Indian authorities allow Muslim procession in Kashmir's main city for the first time in 3 decades

Copyright 2023 The Associated Press. All rights reserved.

Thousands of Shiite Muslims were allowed to hold a religious procession marking the Muslim month of Muharram in Indian-controlled Kashmir's main city on Thursday for the first time since an anti-India rebellion broke out in the disputed region more than three decades ago.

The participants, mostly wearing black clothes, beat their chests and recited elegies in the commercial heart of Srinagar. Some carried copies of the Quran to protest recent public desecrations of the Islamic holy book in Sweden and Denmark.
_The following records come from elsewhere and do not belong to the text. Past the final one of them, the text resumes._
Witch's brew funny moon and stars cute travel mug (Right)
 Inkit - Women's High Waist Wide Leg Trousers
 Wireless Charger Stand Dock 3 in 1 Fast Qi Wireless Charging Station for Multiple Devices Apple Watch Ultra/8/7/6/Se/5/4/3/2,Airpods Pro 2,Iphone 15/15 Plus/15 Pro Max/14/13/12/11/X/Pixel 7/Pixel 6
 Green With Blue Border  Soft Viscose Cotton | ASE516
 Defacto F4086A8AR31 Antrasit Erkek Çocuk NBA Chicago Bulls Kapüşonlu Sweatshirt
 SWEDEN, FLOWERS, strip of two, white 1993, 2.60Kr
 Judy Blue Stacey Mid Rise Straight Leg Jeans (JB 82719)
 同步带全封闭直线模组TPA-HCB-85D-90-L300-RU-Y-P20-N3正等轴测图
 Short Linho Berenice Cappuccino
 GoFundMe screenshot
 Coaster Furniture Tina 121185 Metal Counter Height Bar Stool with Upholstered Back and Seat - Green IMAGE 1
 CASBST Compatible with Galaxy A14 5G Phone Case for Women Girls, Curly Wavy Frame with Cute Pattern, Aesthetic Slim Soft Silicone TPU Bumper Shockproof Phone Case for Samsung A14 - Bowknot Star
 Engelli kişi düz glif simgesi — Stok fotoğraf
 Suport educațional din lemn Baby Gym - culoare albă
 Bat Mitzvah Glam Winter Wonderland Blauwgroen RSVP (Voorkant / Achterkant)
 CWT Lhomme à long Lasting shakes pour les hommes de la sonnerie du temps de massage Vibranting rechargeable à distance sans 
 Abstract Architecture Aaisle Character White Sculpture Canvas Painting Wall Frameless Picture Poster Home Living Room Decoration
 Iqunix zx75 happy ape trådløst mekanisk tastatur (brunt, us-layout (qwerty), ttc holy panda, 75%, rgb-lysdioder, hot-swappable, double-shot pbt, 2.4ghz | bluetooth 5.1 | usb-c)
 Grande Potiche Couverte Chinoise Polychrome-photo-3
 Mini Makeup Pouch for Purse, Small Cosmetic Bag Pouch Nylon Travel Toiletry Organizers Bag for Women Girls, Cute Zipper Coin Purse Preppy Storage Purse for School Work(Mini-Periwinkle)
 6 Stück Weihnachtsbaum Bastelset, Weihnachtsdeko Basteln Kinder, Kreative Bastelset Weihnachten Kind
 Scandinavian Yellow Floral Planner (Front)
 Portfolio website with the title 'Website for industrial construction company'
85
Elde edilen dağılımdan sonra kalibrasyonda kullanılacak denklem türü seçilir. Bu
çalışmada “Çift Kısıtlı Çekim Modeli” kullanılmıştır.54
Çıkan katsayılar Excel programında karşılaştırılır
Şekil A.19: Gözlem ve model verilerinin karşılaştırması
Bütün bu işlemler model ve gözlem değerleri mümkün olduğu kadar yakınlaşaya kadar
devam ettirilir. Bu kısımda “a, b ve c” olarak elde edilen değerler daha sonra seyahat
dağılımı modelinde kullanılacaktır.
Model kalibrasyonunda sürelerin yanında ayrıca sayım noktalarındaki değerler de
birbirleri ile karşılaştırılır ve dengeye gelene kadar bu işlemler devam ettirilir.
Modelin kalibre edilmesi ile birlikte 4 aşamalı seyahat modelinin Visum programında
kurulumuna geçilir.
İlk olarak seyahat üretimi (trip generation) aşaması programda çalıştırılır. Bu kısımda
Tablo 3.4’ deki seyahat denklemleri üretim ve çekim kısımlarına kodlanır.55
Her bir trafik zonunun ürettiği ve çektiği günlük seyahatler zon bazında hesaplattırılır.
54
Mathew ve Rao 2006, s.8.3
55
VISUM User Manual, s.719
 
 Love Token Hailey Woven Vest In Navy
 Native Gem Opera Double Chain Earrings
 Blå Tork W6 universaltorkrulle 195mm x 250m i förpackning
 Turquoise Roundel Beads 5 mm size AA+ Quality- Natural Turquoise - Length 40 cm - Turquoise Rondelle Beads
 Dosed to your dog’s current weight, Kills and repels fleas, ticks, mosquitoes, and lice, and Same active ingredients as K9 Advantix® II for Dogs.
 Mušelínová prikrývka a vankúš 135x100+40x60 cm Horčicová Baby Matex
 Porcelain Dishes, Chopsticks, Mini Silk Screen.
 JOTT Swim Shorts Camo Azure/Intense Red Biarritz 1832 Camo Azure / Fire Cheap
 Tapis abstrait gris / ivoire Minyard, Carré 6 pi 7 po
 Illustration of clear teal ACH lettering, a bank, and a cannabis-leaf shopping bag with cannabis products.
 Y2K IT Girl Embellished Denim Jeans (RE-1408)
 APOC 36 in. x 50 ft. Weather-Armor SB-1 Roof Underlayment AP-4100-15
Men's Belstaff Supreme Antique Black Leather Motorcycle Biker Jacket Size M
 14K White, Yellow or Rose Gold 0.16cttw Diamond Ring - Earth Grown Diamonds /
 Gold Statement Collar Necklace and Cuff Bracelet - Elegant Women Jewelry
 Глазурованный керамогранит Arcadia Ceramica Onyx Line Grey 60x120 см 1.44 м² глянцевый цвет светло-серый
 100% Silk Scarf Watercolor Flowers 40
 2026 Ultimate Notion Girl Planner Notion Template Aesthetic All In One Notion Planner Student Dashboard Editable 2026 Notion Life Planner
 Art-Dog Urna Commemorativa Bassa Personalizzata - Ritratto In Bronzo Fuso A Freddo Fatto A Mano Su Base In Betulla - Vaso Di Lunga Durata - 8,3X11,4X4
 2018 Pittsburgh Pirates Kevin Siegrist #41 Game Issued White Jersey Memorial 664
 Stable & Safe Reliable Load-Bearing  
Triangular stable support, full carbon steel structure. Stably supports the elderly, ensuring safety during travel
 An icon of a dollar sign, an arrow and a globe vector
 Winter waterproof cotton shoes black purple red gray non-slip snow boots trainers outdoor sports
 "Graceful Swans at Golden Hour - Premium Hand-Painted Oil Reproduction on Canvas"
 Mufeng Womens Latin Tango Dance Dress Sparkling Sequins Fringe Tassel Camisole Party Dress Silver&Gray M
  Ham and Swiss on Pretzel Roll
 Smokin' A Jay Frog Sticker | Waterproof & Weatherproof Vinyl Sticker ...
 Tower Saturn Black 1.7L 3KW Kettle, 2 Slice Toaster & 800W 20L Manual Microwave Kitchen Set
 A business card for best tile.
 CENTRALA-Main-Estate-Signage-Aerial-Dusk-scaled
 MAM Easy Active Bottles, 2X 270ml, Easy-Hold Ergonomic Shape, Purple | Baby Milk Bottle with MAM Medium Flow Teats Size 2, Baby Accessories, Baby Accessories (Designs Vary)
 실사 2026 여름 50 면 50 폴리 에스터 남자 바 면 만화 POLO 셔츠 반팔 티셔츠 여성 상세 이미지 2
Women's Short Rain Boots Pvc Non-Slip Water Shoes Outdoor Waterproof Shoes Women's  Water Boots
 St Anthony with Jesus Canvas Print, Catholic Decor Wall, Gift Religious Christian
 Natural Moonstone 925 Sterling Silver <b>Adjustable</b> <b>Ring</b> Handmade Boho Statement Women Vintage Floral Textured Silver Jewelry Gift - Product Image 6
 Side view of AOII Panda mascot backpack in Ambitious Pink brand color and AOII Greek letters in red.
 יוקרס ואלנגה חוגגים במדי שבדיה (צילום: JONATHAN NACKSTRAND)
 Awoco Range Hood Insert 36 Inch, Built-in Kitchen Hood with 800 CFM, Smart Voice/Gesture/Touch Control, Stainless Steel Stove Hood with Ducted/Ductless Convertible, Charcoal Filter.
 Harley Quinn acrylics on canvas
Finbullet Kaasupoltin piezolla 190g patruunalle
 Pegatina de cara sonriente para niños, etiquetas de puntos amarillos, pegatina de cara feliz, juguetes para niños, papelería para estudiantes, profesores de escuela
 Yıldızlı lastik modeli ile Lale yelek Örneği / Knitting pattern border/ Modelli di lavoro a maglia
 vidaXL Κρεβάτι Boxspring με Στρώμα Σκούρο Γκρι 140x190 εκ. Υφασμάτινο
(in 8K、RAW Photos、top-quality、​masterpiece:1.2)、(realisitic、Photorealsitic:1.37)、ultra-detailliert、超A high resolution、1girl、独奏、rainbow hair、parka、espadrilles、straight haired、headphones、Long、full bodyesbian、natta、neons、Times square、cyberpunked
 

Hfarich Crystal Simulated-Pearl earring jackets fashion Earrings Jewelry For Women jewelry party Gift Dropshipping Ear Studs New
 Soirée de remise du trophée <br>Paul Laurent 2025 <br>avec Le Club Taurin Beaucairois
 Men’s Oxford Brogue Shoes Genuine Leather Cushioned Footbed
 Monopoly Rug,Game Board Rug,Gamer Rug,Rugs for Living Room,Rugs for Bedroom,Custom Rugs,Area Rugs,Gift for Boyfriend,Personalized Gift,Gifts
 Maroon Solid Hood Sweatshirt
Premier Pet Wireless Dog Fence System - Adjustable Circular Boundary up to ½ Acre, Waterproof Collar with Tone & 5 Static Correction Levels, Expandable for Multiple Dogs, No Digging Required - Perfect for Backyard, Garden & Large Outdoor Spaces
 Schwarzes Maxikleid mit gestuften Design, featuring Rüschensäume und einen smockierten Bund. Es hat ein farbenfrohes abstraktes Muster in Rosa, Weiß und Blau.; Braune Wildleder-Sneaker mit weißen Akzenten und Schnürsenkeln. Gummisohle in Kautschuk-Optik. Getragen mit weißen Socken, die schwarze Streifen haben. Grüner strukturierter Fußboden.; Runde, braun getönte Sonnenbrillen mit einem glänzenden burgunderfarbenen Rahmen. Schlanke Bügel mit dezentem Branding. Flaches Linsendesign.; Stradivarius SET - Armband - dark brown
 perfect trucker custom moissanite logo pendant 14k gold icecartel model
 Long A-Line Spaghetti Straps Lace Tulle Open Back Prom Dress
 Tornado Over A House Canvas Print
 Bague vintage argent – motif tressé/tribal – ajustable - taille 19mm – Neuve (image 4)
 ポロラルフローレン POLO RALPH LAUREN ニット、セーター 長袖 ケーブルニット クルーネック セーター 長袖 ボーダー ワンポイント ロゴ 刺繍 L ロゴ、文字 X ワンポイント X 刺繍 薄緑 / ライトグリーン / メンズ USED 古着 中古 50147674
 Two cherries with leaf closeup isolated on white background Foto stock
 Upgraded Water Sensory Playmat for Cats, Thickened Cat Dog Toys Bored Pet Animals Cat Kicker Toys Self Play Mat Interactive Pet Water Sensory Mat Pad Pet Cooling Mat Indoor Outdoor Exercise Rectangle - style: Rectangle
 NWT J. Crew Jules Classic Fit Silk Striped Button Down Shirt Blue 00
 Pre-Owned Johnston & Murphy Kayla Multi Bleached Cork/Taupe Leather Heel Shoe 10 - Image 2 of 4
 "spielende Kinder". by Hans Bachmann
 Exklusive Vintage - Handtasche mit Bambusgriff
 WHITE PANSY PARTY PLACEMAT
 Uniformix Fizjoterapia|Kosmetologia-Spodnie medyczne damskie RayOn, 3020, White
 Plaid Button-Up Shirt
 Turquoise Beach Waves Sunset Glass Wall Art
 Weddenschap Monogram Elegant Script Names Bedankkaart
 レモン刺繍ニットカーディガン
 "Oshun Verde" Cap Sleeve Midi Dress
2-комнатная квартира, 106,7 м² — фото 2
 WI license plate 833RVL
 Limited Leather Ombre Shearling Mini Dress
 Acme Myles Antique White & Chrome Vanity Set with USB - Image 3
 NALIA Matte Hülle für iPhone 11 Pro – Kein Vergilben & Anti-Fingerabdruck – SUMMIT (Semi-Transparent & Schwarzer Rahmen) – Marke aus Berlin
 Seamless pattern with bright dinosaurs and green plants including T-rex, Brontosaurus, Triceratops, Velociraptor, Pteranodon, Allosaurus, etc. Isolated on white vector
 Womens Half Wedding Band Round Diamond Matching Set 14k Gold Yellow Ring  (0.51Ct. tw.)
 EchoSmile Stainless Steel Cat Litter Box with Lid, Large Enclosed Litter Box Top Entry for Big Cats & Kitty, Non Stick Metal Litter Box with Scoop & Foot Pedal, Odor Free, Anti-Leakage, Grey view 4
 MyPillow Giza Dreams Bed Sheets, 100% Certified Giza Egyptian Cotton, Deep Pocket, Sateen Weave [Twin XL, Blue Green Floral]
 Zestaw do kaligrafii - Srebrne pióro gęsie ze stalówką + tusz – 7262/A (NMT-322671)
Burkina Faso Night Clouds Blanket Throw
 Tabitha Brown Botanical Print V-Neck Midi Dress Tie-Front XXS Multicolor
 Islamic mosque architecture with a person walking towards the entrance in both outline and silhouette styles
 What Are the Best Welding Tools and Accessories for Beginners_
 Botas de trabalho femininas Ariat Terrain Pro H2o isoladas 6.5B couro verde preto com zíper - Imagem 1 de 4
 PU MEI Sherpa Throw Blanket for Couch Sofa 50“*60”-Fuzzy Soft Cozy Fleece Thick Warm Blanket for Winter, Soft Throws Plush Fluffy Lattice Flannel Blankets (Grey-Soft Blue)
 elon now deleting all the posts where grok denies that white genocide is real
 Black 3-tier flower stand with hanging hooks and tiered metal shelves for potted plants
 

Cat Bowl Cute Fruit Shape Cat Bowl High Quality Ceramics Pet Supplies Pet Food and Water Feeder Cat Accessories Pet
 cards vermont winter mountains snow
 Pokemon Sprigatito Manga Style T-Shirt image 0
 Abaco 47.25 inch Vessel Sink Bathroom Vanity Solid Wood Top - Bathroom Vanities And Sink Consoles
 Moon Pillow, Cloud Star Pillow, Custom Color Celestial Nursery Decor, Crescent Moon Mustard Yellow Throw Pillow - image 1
Muharram is among the holiest months for Shiite Muslims and marks the martyrdom of the Prophet Muhammad’s grandson, Imam Hussein, and his 72 companions in the battle of Karbala in the seventh century in present-day Iraq. The mourning over their deaths reaches to its peak on Ashura, the 10th day of Muharram. Thursday’s procession marked the eighth day on the calendar.

The main Muharram gatherings on the eighth and 10th days that used to pass through the city center were banned a year after an armed insurgency broke out in 1989 demanding the region’s independence from India or its merger with neighboring Pakistan, which also controls part of Kashmir. However, Muharram processions continued to be allowed elsewhere in the Indian-controlled portion.

Tens of thousands of civilians, rebels and government forces have been killed in the insurgency.

Scores of mourners tried to defy the ban in previous years, often leading to scuffles with police and the firing of tear gas.

Authorities said the lifting of the ban comes as the overall security situation has improved in the region in recent years.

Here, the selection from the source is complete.